Luxembourg (Brussels Morning Newspaper) – The European Union’s General Court, on February 5, 2025, dismissed complaints by Poland over 320 million euros in damages it had to pay the European Union in 2022 and 2023 in a disagreement over judicial reforms.
On 1 April 2021, the European Commission launched an action for negligence to meet obligations before the Court of Justice against Poland, pursuing a declaration that particular legislative amendments to the organisation of the judicial system in Poland, assumed in December 2019, violated EU law.
What led to Poland’s €320m penalty by the EU?
In the practice of those proceedings, the Court directed Poland, inter alia, to stop the application of specific national provisions questioned by the EU Commission. Not having executed that interim standard, Poland was requested, on 27 October 2021, to pay the EU Commission a daily fine payment of one million euros. That daily fine payment started to run as of 3 November 2021.

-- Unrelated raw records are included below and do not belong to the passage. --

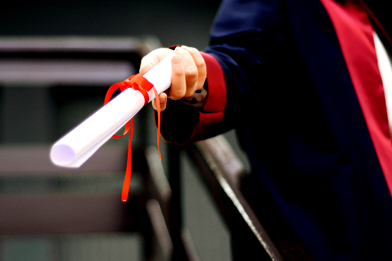 Image for Double Degrees: Your Path to a Dual Education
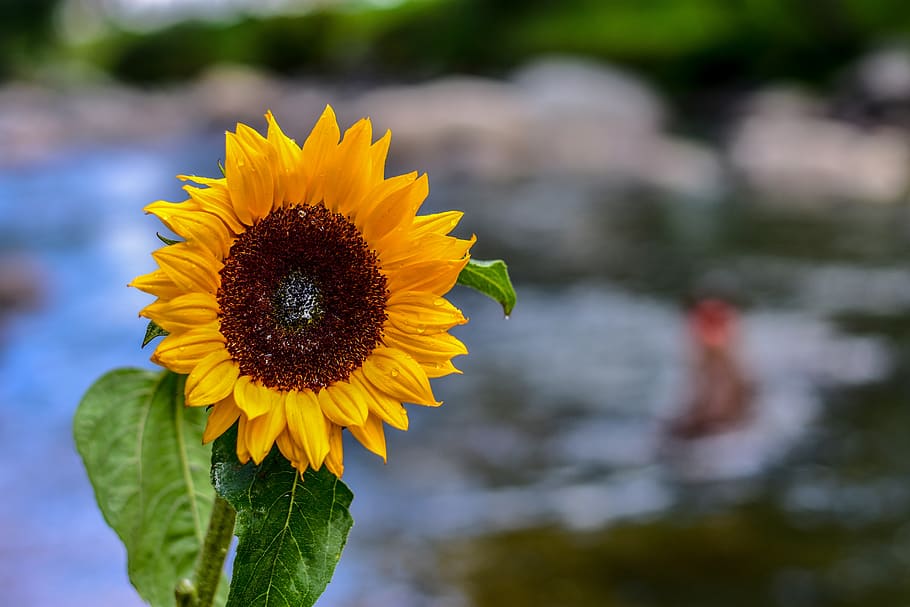 sunflower, nature, spring, flowering plant, freshness, vulnerability HD wallpaper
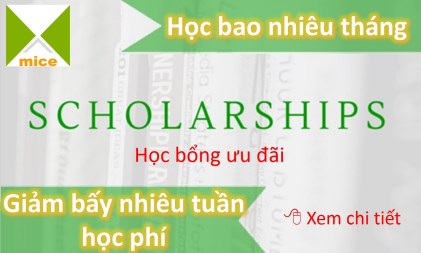 MICE Hoc bao nhieu thang Giam bay nhieu tuan hoc phi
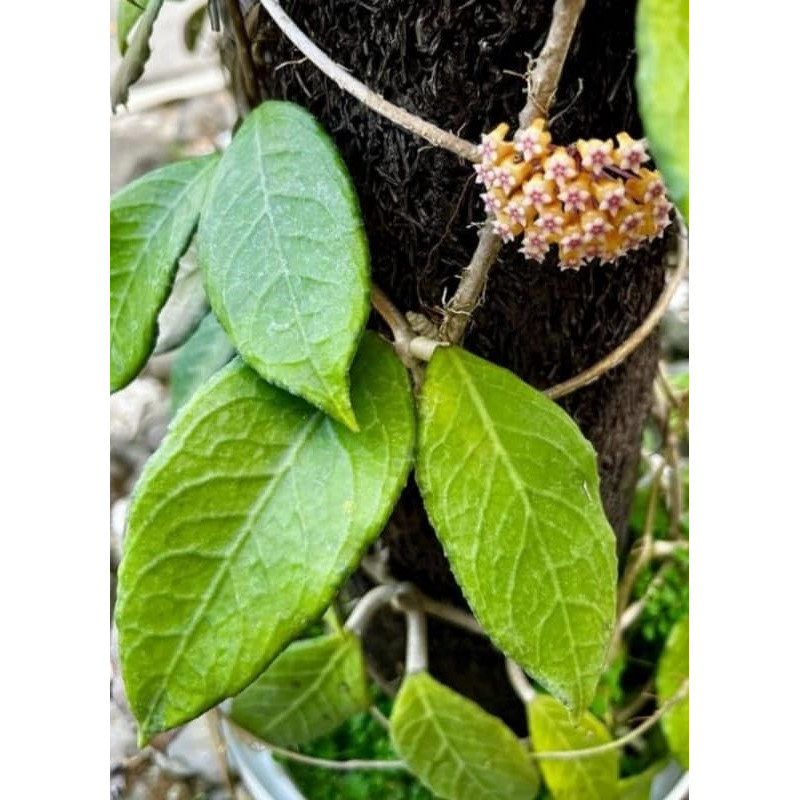 Hoya sp. Timor 03 ( East Nusa Tenggara province ) store with hoya flowers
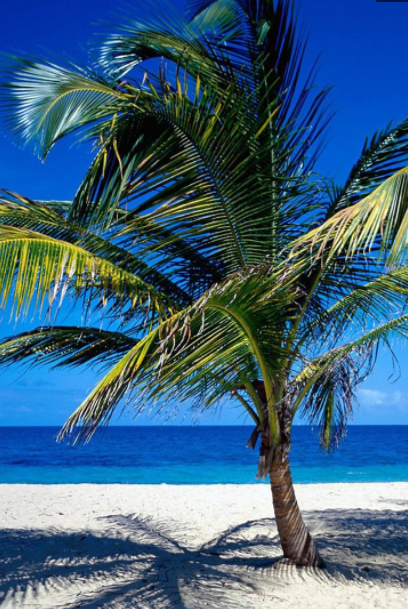 408_609竖版 竖屏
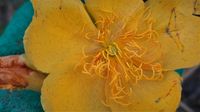 Cochlospermum regium (Schrank) Pilg., Plants of the World Online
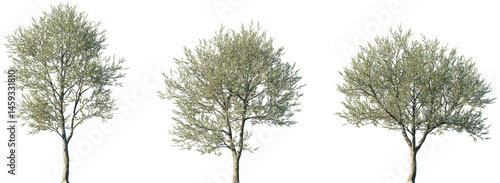 Set of Prunus avium (commonly called wild cherry, sweet cherry or gean) blossoming frontal street trees isolated png on a transparent background perfectly cutout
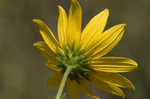Narrow-leaf sunflower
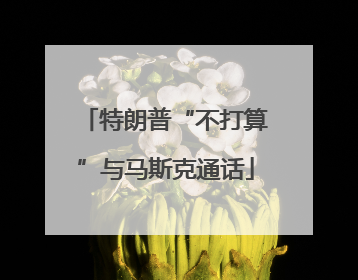 特朗普“不打算”与马斯克通话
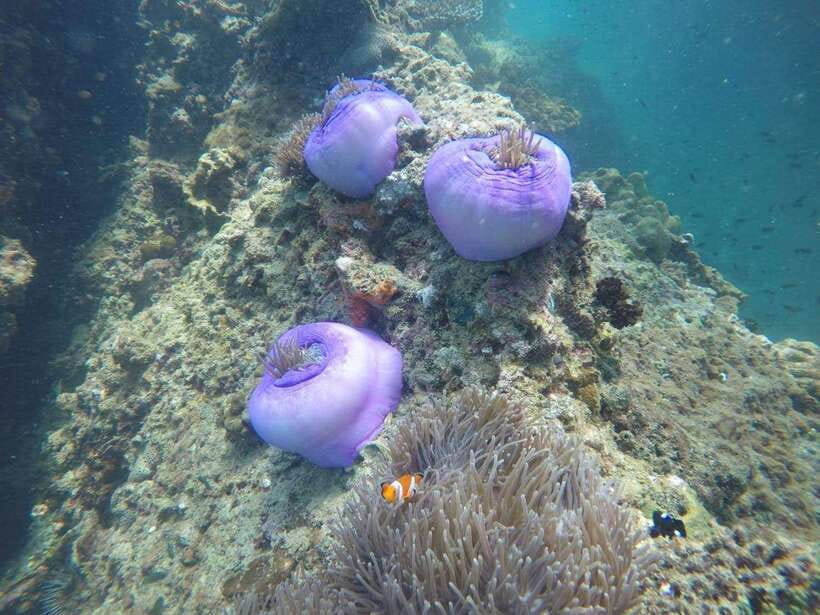 Krabi: 7 Islands Sunset Tour with Buffet Dinner & Snorkeling - Koh Tan Ming, the small-islet snorkel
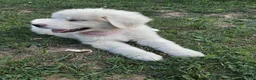 Great Pyrenees dogs for sale: Rosalee - Ad 3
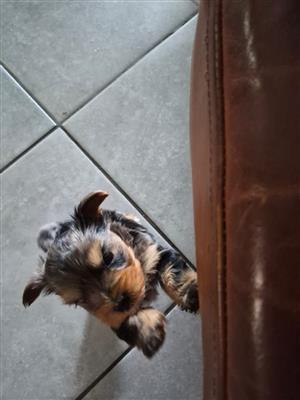 Blue diamond merle female Yorkie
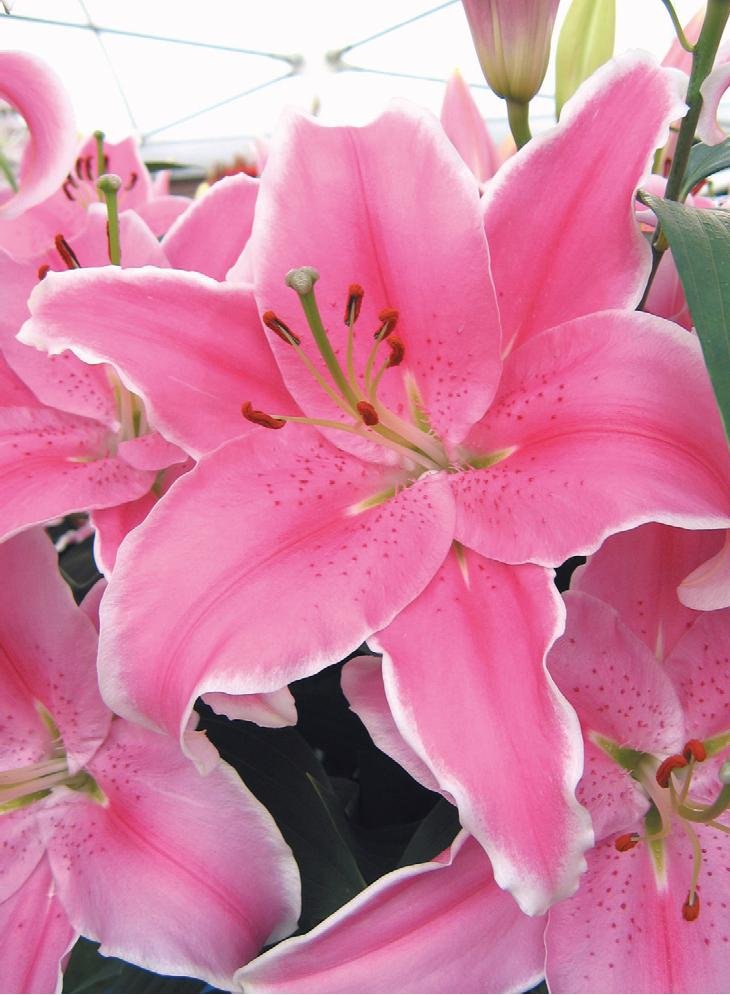 Natan Gerbera Flower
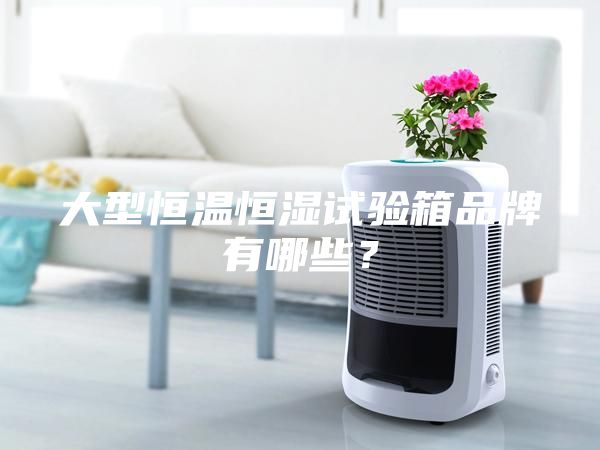 大型恒溫恒濕試驗(yàn)箱品牌有哪些？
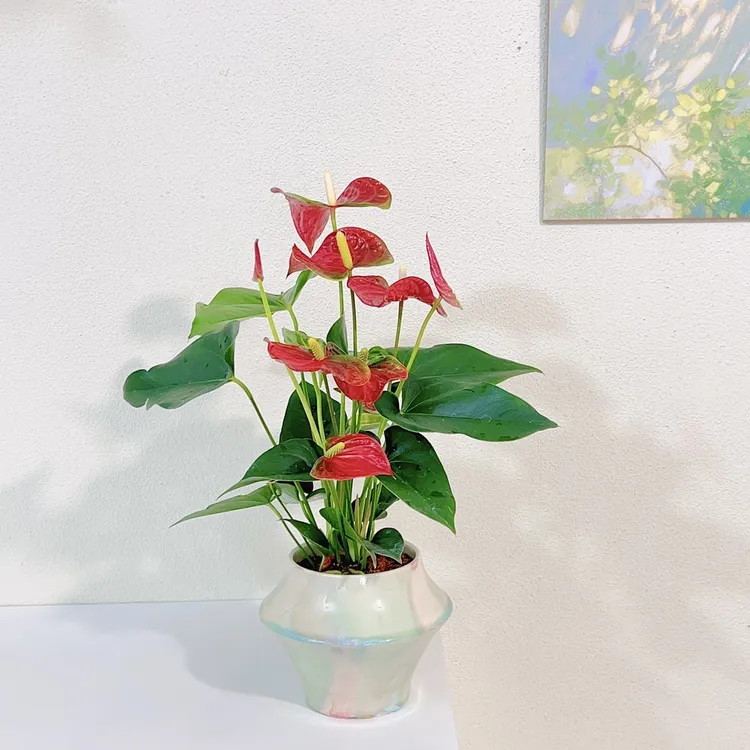 红掌多花朵精品桌面开花室内盆栽观叶花卉植物园绿植观花易活
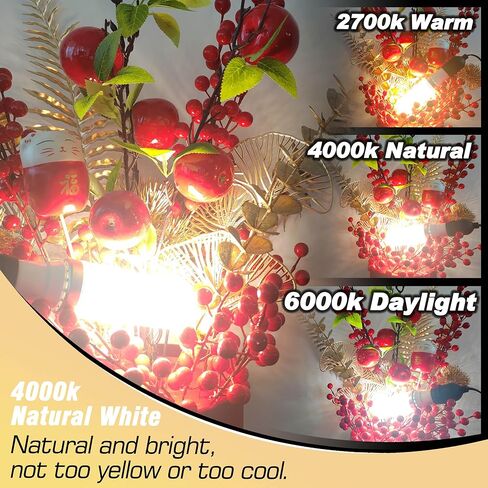 E17 LED Light Bulb 10 Watt Equivalent 100W 6000K Daylight White 1000lm 120V E17 Intermediate Base LED Bulb for Desk Lamp,Ceiling Fan Lights, Headboard Reading Lights, Non-Dimmable, 3 Pack in Kuwait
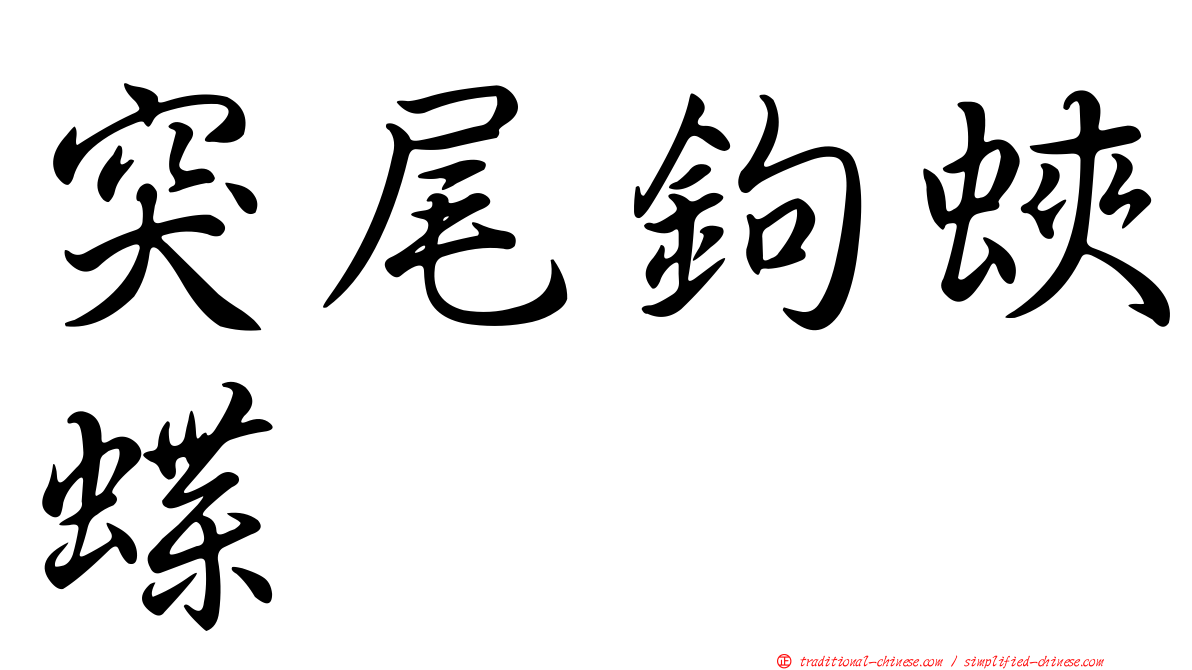 突尾鉤蛺蝶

Also, on 9 June 2022, with a view to yielding to the interim standard imposed by the Court of Justice, Poland assumed a Law. 5 On 21 April 2021, the Court of Justice declared that that legislative change allowed, to a considerable degree, that interim measure to be executed. Thus, the daily fine payment amount was lowered to €500,000 per day as of 21 April 2023.
Why did the EU fine Poland over judicial reforms?
According to an official statement of the Court of the Justice of the European Union,
“The General Court dismisses Poland’s actions in their entirety. In recovering the amounts payable, the Commission did not infringe EU law. The General Court notes, in particular, that neither the case law of the Polish Constitutional Court 11 nor the entry into force of the Law of 9 June 2022 enable the existence of the debt itself to be challenged. Consequently, they were not such as to affect the lawfulness of the set-off decisions.”